Ringfort (Rath), Barleyhill, Co. Mayo
Co. Mayo |
Ringforts
On a gentle rise above the damp grasslands of south Mayo, a ringfort sits with a quiet authority that its long-silent occupants would have intended.
Ringforts, known in Irish as raths, were the dominant form of enclosed settlement in early medieval Ireland, typically dating from roughly the sixth to the twelfth centuries. Most were farmsteads rather than military strongholds, their encircling banks and ditches serving as much to contain livestock and signal status as to provide defence. The Barleyhill example is unusually well-preserved, and what makes it worth a second look is the precision of its construction and the way the builders worked with the natural landscape rather than against it.

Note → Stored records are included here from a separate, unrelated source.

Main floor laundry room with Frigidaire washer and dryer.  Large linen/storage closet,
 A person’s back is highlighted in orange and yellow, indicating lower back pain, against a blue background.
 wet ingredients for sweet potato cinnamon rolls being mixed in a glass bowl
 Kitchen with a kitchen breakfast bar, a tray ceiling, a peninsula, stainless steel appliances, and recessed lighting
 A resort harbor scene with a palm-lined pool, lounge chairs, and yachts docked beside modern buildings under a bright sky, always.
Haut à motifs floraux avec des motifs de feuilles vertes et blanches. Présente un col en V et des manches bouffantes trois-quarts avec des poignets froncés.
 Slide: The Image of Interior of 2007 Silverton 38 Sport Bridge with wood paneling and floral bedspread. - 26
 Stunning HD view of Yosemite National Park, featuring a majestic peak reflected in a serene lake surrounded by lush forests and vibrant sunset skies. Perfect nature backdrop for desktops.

The rath takes the form of a raised circular platform, roughly 29 by 32 metres across, ringed by a substantial scarp, a steep-sided earthen slope, that reaches nearly three metres in height at the north-east. Beyond the scarp lies a fosse, an encircling ditch, some four metres wide at the south-west, and beyond that again a substantial outer bank, standing over two metres high on its exterior face. At the north-east, where the natural hillside drops away, the builders adapted their approach: there the fosse becomes a terrace cut directly into the slope, and the outer bank reduces to a simple scarp, letting the topography do the work. The original entrance is still legible at the east-south-east, where a gap in the scarp, over four metres wide and flanked by stones protruding from the terminals on either side, opens onto a low causeway across the fosse and a narrower corresponding gap in the outer bank. Inside the enclosure, slightly to the north-east of centre, there is a low, gently domed grass-covered rise, around six to six and a half metres in diameter. Its purpose is not known. It could represent the remains of a structure, a storage pit, or something else entirely; the ground simply does not say.
The interior today is open pasture with patches of scrub and bramble, and the enclosing earthworks are lined with beech trees, with hawthorn and ash along the western arc of the scarp. The Gweestion River runs through the valley floor around two hundred metres to the north, and from the platform the views across the low-lying fields in every direction give a clear sense of why this particular rise was chosen. Whatever happened here, whoever enclosed this ground and crossed that causeway entrance, they chose their spot with care.